I don't know how I feel
I don't know how I feel. Mom left this morning.
I texted her on the 18th and asked her if she was still so mad at me or if I could bring over her birthday present and cheesecake cup from Fredericks. She said of course I could come over. She was upset with me but still loved me. So we did that. I texted her later that night from work and asked her just so we could be crystal clear, that she was leaving because of me. She said she was leaving because of Dad. She didn't want to be near him, see him or have to be around him. She hates him that much. So in effect, because I brought him here, she's leaving. Even after she said it was OK with her. On the 19th, she had people from church come over and help her move. I was sleeping cuz I worked the night before so I missed it.

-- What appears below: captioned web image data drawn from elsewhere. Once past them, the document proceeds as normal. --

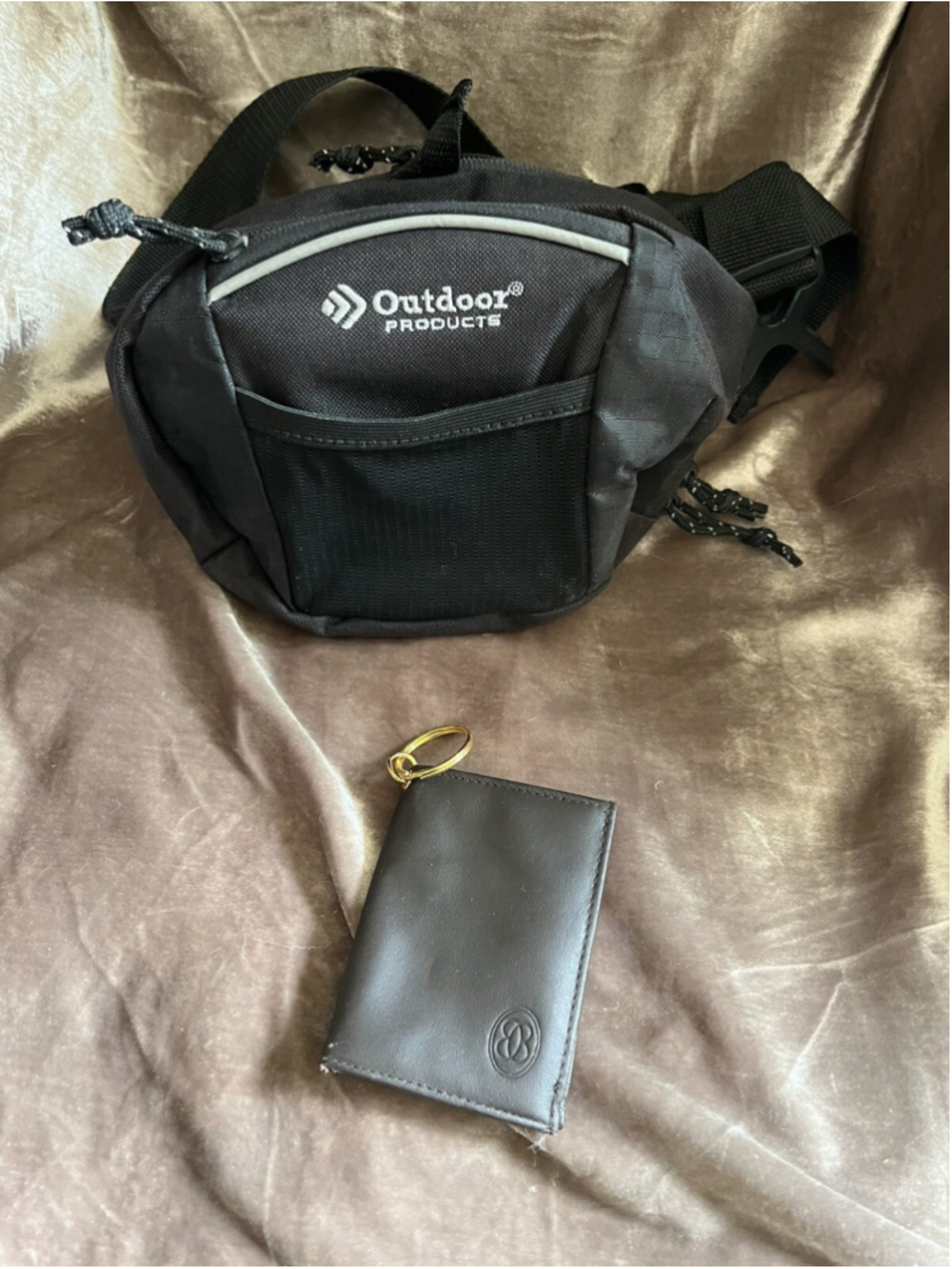 Outdoor Products Fanny Pack Black Waistpack Bag Carrier Hiking Walking W/ EXTRA
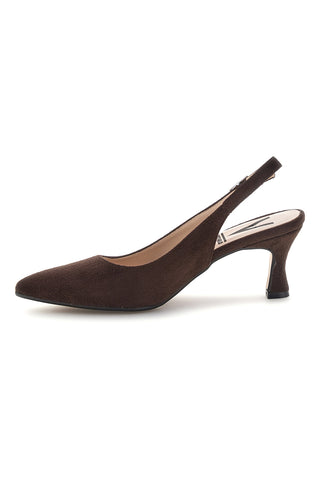 Slingback marroni a punta con tacco medio Pittarello vera 3602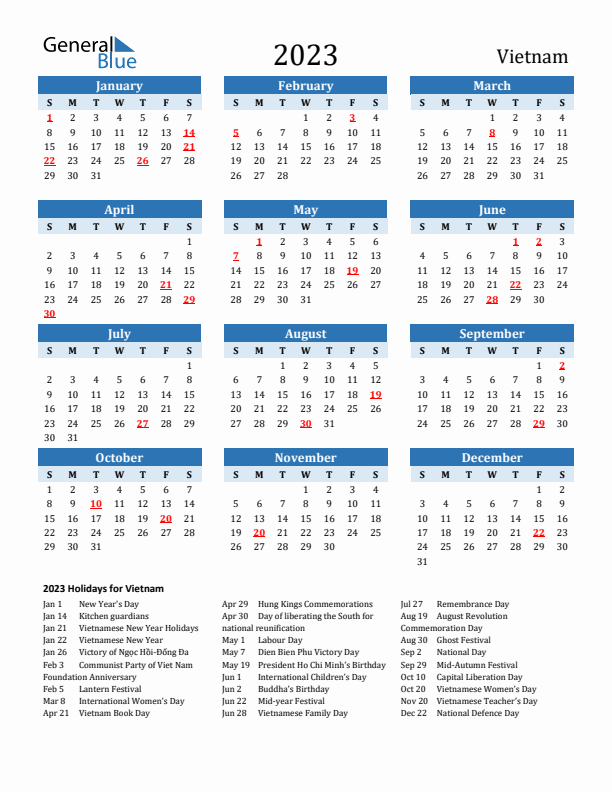 Printable Calendar 2023 with Vietnam Holidays (Sunday Start)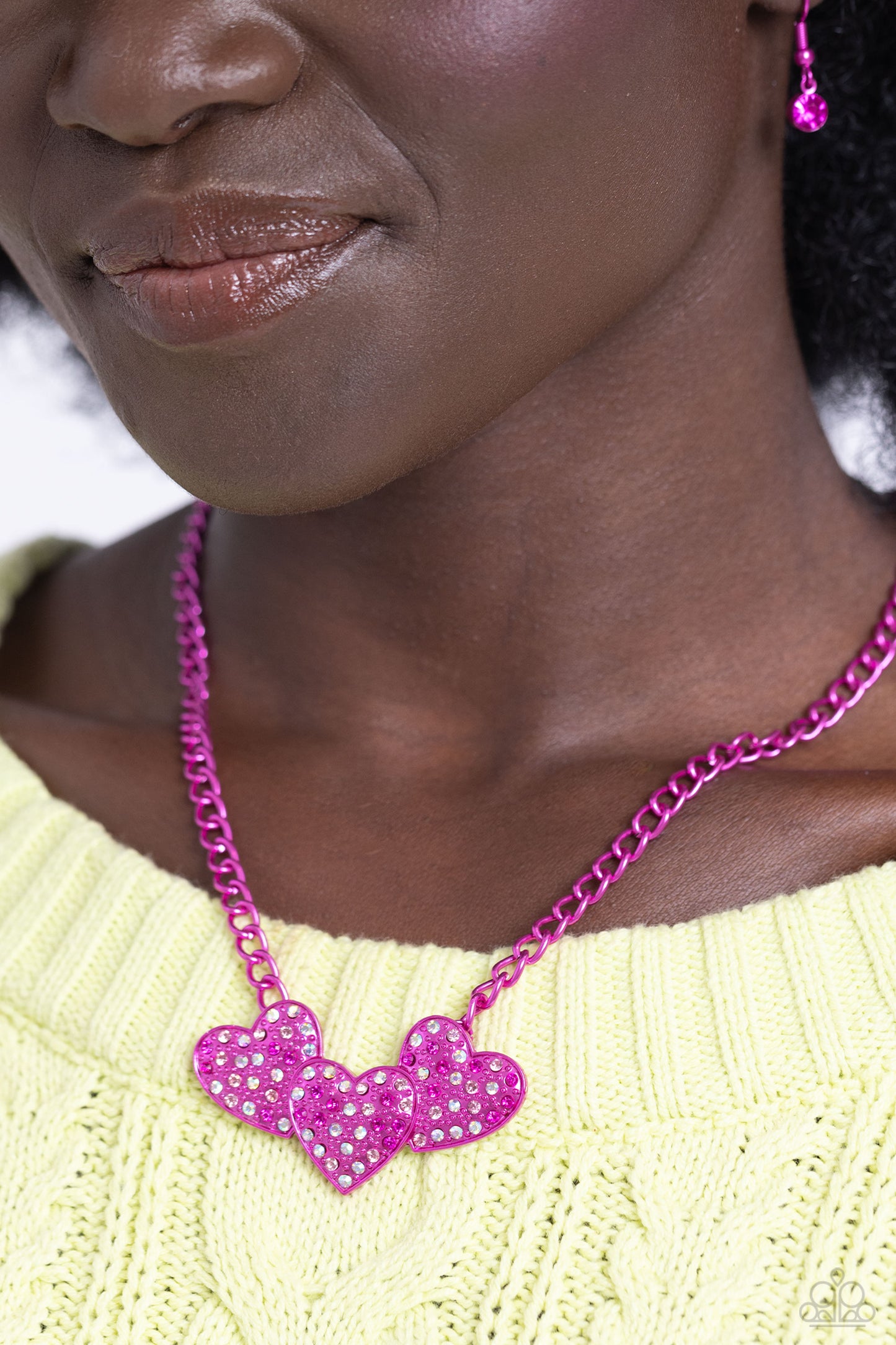 Paparazzi Accessories-Low-Key Lovestruck Pink 3 Heart Necklace Set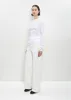 Stretch Organic Cotton Long-Sleeve Jersey Top — White sold by La Garconne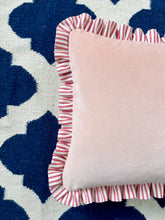 Load image into Gallery viewer, Dusky Pink Velvet + Red Ticking Frill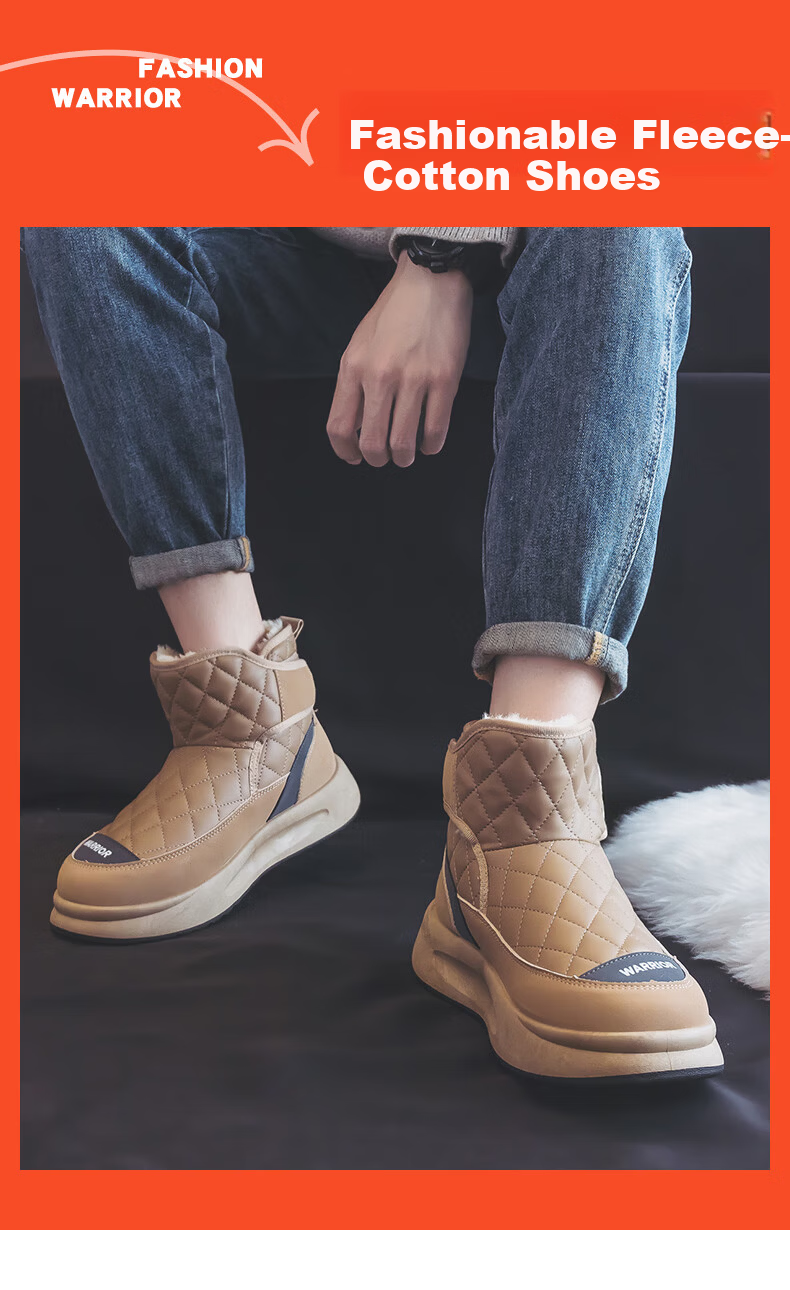 Warrior Men's Snow Boots 2026 Spring New Thickened Fleece Lined Northeast Cotton Shoes Casual Boots Brown Size 40 5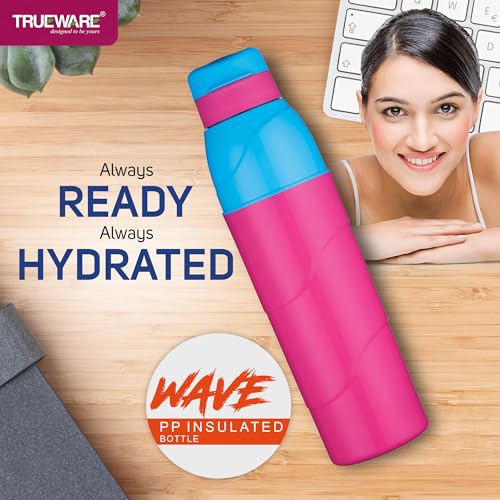 Image of Trueware Wave 500 ML Plastic Insulated Water bottlle for Cold Water, BPA Free, Food Grade, Leak Proof, Airtight (Pink)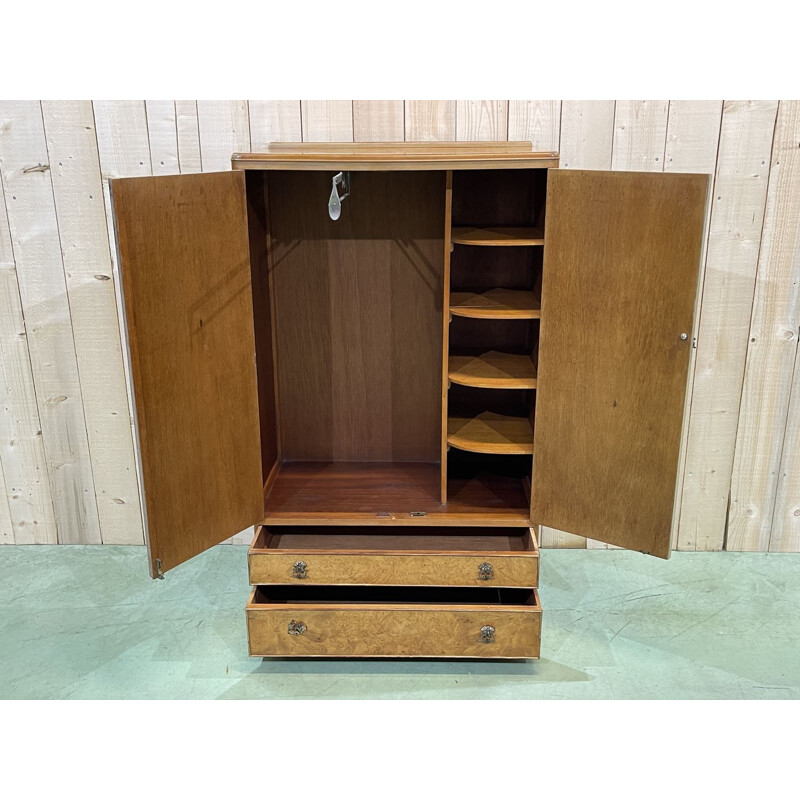 Vintage burr elm and blond mahogany wardrobe, English 1950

I texted her in the afternoon and asked her if she wanted to do anything for her birthday and she said she didn't want to leave Daisy (her dog) because she was so confused and upset. So at 1:30 this morning I texted her to see if she was awake. She was. She told me Uncle Steven was here and was going to do the driving. I told her I wanted to see her off cuz she was leaving before 6:00 that I set my alarm at 5:00. But since she had Steven she would already have company and that this was goodbye. She never responded. I guess she was afraid I would come see her off, cuz I got a text at 4:30 that she had already left and that she loved me.
How am I supposed to feel about this?